#### SOURCE DATA ####

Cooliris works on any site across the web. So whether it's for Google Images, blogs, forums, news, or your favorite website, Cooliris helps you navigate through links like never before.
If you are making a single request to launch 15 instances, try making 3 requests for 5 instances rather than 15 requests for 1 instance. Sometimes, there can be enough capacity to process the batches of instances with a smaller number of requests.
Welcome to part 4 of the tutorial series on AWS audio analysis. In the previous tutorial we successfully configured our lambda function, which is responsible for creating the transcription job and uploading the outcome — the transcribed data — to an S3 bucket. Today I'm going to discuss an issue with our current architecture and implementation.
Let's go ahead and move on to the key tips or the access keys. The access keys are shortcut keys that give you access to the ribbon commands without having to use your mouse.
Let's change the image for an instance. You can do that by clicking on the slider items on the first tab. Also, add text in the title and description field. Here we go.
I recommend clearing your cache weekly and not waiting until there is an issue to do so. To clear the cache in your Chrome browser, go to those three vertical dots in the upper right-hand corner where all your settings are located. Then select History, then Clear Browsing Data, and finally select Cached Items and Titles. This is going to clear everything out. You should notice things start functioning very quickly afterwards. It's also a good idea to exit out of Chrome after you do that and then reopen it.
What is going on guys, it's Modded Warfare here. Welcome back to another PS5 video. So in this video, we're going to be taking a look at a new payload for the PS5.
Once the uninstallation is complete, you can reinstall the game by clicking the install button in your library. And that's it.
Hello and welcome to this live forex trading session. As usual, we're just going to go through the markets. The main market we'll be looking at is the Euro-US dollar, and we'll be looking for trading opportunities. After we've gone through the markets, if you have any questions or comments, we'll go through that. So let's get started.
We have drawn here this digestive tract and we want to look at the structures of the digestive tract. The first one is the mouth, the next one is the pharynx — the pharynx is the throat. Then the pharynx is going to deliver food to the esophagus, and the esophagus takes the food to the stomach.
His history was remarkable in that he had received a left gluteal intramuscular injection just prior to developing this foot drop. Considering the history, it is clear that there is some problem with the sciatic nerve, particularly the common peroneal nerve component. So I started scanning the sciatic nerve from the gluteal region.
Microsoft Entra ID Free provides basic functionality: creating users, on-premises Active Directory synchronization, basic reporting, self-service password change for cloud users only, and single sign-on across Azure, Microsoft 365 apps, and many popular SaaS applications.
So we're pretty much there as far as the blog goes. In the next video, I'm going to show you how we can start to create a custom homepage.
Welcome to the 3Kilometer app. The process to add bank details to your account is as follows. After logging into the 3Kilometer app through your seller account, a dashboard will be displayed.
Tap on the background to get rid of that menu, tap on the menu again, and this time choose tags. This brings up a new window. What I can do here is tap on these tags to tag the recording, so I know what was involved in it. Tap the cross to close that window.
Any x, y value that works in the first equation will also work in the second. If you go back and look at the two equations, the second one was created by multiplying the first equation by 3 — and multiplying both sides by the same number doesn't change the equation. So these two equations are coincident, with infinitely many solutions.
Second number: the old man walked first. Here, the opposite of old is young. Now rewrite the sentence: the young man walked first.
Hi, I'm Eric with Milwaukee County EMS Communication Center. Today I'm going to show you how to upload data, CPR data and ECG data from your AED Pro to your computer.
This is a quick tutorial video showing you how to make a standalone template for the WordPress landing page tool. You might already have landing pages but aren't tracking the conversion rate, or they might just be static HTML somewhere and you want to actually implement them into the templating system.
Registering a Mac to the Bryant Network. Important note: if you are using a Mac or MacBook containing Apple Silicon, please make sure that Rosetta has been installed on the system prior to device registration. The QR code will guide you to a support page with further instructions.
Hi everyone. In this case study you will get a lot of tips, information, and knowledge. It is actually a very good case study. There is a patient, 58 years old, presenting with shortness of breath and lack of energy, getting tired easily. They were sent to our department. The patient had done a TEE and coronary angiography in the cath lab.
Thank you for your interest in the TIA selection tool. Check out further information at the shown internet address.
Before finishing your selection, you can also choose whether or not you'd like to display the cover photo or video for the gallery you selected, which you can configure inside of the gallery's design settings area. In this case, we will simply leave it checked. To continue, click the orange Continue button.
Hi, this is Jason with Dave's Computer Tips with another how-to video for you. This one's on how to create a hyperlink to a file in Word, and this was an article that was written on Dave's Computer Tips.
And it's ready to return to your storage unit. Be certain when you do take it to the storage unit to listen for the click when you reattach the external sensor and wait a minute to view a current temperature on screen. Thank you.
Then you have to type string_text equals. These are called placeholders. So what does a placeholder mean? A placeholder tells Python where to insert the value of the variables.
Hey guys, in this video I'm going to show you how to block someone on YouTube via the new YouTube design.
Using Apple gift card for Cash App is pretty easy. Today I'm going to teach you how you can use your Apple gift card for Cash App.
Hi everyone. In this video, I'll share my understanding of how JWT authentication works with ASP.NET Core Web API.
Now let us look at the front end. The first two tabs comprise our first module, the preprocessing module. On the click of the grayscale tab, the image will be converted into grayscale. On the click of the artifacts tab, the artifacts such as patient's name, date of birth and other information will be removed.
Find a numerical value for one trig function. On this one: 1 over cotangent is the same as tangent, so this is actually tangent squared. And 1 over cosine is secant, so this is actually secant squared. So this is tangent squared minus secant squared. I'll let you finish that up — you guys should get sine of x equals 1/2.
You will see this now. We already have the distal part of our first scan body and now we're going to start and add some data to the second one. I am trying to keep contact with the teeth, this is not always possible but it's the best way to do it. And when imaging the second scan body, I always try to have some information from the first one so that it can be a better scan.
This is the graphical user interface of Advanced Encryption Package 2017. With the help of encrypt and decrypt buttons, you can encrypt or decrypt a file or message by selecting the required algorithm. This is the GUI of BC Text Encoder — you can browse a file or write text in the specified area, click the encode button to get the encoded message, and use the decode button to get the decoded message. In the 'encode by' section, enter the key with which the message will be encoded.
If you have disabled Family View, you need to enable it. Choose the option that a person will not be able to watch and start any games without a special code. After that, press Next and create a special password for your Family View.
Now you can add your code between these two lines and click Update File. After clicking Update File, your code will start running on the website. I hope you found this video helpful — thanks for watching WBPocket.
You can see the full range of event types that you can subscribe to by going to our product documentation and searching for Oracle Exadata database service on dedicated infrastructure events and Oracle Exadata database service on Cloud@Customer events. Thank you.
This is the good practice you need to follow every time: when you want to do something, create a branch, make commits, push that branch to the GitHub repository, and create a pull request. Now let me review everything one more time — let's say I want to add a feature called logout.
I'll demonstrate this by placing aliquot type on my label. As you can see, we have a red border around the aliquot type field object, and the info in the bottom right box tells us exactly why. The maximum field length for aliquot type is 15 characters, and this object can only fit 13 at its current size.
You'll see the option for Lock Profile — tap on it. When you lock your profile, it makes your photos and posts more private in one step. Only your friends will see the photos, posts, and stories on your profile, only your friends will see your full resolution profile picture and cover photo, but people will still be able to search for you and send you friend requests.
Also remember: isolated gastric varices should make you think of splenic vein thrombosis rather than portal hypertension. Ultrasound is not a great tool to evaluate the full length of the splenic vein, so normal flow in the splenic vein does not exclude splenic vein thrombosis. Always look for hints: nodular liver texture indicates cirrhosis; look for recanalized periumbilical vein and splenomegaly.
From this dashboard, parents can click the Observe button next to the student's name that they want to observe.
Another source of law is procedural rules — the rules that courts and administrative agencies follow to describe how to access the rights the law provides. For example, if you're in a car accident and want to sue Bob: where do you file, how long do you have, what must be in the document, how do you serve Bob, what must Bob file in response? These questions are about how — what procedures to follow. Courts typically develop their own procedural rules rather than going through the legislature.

####

WHAT YOU ARE ASKED TO DO:
Pick out, from the lines above, every one that contains the string "current".

RESPONSE TO THIS EXERCISE:
Welcome to part 4 of the tutorial series on AWS audio analysis. In the previous tutorial we successfully configured our lambda function, which is responsible for creating the transcription job and uploading the outcome — the transcribed data — to an S3 bucket. Today I'm going to discuss an issue with our current architecture and implementation.
And it's ready to return to your storage unit. Be certain when you do take it to the storage unit to listen for the click when you reattach the external sensor and wait a minute to view a current temperature on screen. Thank you.
I'll demonstrate this by placing aliquot type on my label. As you can see, we have a red border around the aliquot type field object, and the info in the bottom right box tells us exactly why. The maximum field length for aliquot type is 15 characters, and this object can only fit 13 at its current size.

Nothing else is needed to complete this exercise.